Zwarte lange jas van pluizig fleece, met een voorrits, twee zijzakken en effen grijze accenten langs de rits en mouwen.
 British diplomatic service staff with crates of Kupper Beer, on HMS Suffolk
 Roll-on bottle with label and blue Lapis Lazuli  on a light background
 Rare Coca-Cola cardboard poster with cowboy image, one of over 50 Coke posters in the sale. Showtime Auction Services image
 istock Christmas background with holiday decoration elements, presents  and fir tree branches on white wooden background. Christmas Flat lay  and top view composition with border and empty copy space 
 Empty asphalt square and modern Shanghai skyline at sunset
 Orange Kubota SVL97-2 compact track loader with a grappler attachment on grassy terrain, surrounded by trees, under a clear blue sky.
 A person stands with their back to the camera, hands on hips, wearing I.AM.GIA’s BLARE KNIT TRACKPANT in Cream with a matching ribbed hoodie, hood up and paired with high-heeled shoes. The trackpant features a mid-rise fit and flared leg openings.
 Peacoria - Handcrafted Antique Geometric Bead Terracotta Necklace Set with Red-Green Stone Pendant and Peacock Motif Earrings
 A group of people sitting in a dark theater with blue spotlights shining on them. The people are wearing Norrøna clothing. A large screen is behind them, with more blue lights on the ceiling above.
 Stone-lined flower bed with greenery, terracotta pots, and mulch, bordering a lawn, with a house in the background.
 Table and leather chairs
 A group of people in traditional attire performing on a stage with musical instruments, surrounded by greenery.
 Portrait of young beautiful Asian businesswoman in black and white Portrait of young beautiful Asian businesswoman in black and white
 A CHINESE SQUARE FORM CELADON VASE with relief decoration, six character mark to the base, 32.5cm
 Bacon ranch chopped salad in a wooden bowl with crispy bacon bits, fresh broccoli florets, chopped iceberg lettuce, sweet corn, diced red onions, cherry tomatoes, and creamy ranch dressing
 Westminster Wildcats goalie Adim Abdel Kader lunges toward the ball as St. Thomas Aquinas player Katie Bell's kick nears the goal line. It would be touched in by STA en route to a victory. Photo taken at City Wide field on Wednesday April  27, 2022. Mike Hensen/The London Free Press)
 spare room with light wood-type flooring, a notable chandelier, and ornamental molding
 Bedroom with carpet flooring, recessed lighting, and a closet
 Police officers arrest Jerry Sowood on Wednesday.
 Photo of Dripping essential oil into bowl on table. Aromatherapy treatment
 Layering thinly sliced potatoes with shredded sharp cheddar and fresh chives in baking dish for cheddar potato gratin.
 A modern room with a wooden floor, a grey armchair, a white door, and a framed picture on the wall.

####

**Exercise details:**
The lines to show are those in the data above that include "fresh".

**Solution to this task:**
 Bacon ranch chopped salad in a wooden bowl with crispy bacon bits, fresh broccoli florets, chopped iceberg lettuce, sweet corn, diced red onions, cherry tomatoes, and creamy ranch dressing
 Layering thinly sliced potatoes with shredded sharp cheddar and fresh chives in baking dish for cheddar potato gratin.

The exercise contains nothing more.